## Exercise aim
From start to finish, set down the entries below exactly, leaving out the pictures.

## The input
────

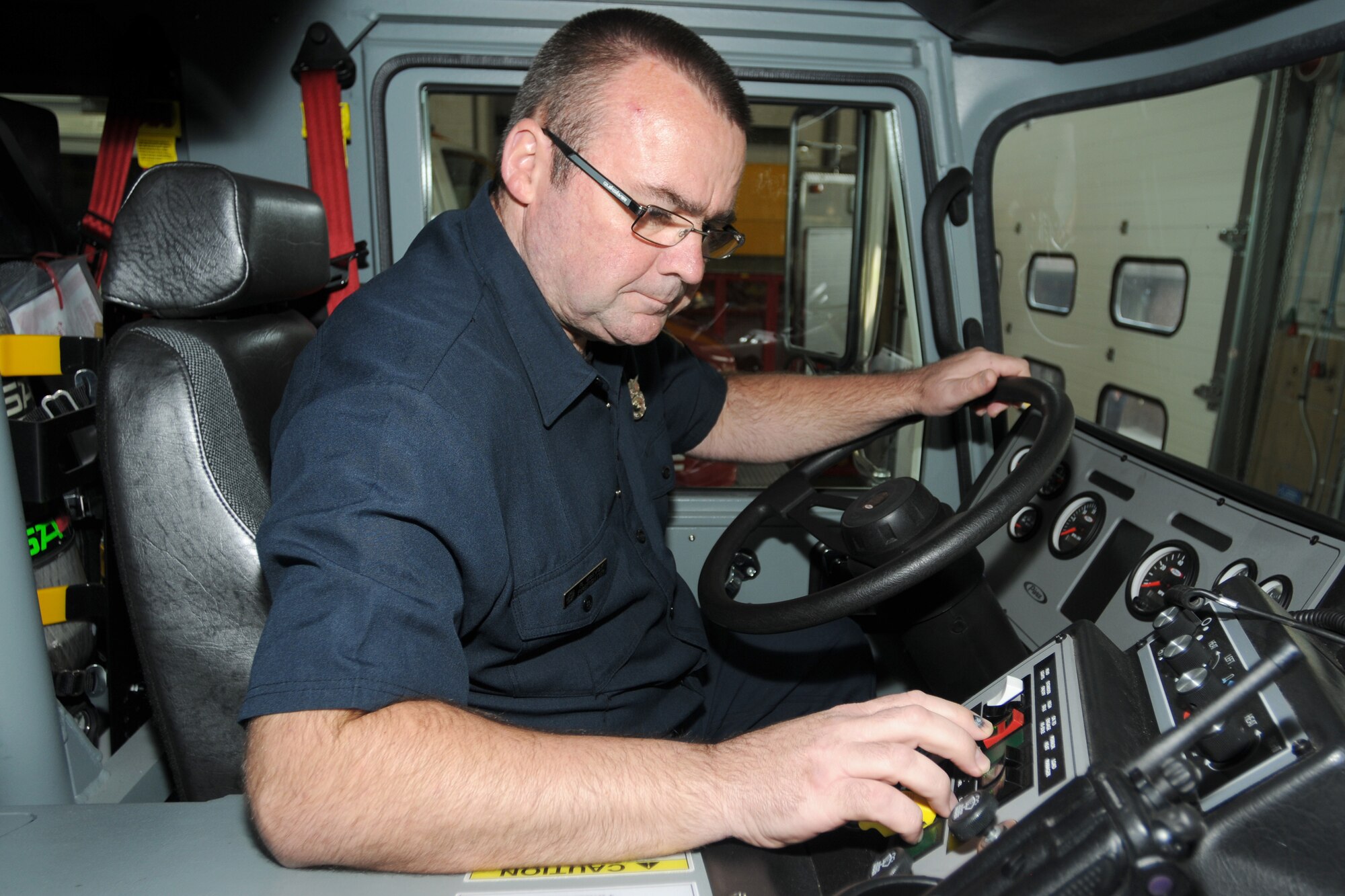 RAF FAIRFORD, United Kingdom - Robert McEvoy does routine checks on a fire engine here June 10. He was recently recognized as the Air Force Robert A. McAllister Heroism Award winner. The award recognizes acts of courage above and beyond the call of duty. (U.S. Air Force photo by Senior Airman Joel Mease)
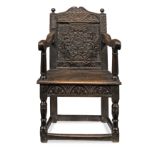 A good Charles I joined oak panel-back open armchair, West Country, circa 1630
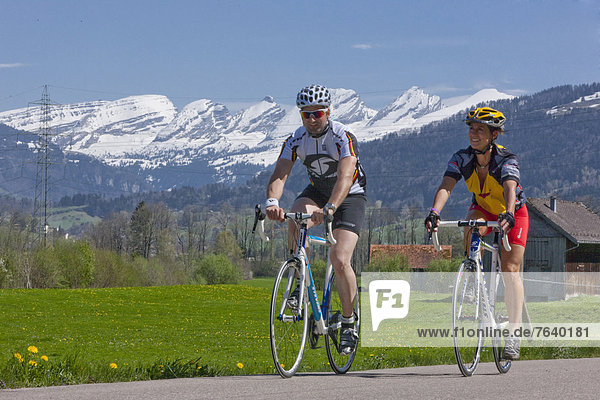 Cyclist  biker  Toggenburg  spring  bicycle  bicycles  bike  riding a bicycle  canton  SG  St. Gallen  Churfirsten  racing bicycle  Switzerland  Europe  couple  man  woman  Wattwil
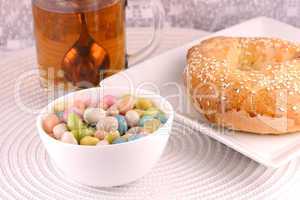 A cup of tea with a cake and candies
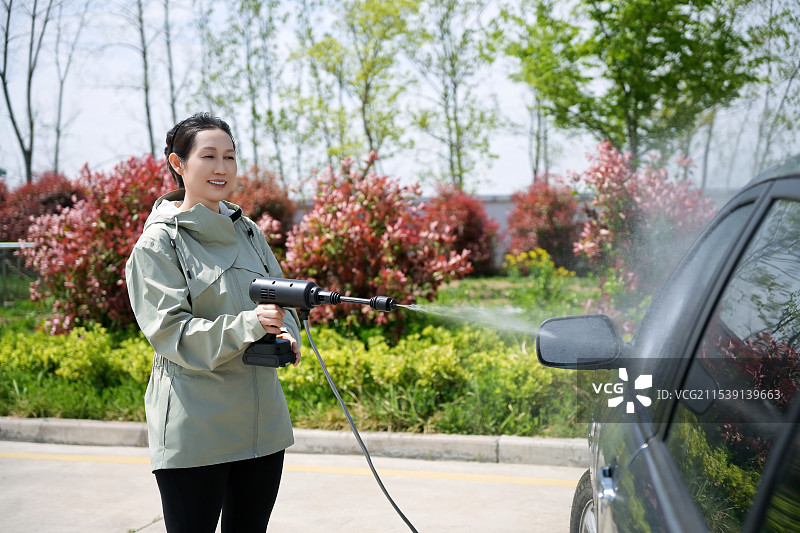 女人喜欢用便携式净水器洗车图片素材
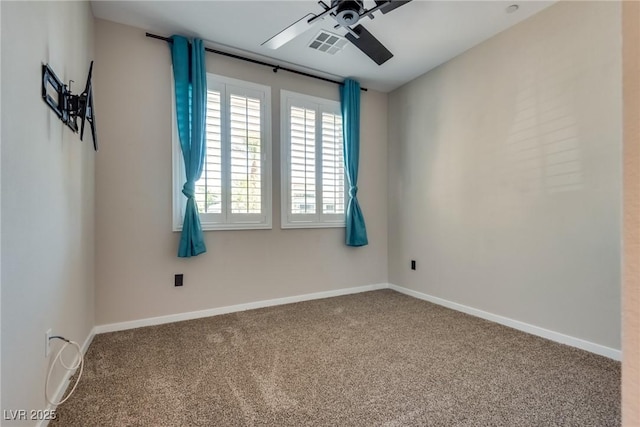 spare room featuring ceiling fan and carpet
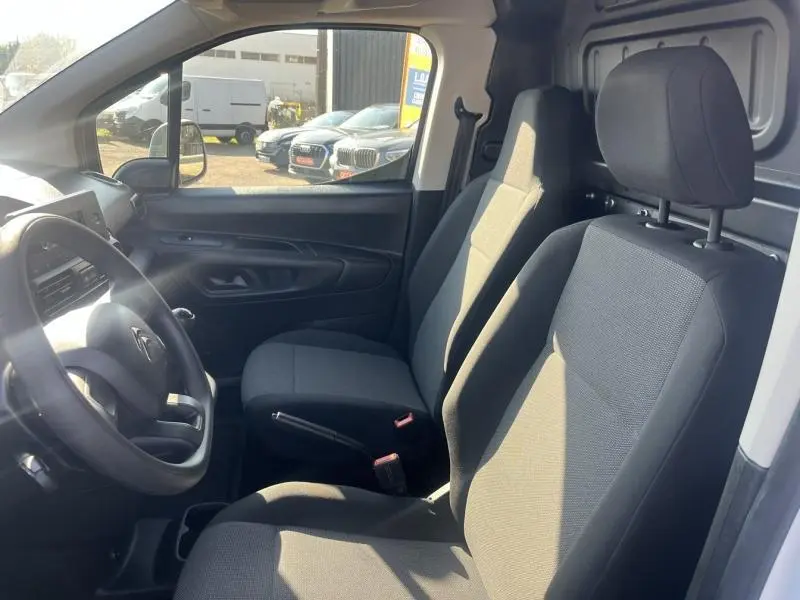 Intérieur du Citroën Berlingo Fourgon 2020, vue côté conducteur montrant sièges tissu gris et tableau de bord noir.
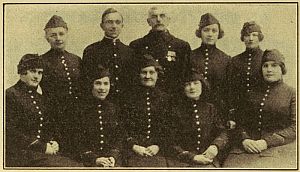 photograph of mostly women in uniform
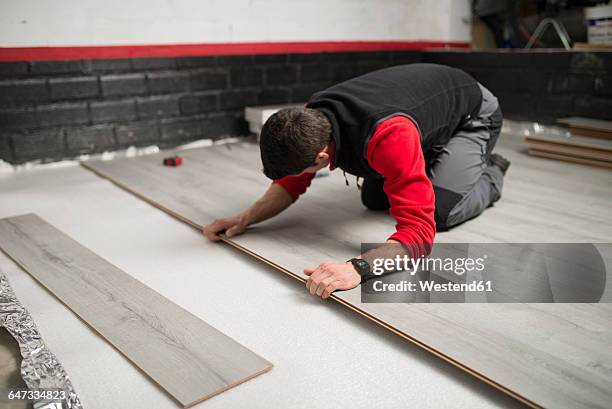 young man placing a laminate floor - laminiertes plastik stock-fotos und bilder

────

## Your solution
 RAF FAIRFORD, United Kingdom - Robert McEvoy does routine checks on a fire engine here June 10. He was recently recognized as the Air Force Robert A. McAllister Heroism Award winner. The award recognizes acts of courage above and beyond the call of duty. (U.S. Air Force photo by Senior Airman Joel Mease)
 A good Charles I joined oak panel-back open armchair, West Country, circa 1630
 Cyclist  biker  Toggenburg  spring  bicycle  bicycles  bike  riding a bicycle  canton  SG  St. Gallen  Churfirsten  racing bicycle  Switzerland  Europe  couple  man  woman  Wattwil
 A cup of tea with a cake and candies
 女人喜欢用便携式净水器洗车图片素材
 spare room featuring ceiling fan and carpet
 Intérieur du Citroën Berlingo Fourgon 2020, vue côté conducteur montrant sièges tissu gris et tableau de bord noir.
 photograph of mostly women in uniform
 young man placing a laminate floor - laminiertes plastik stock-fotos und bilder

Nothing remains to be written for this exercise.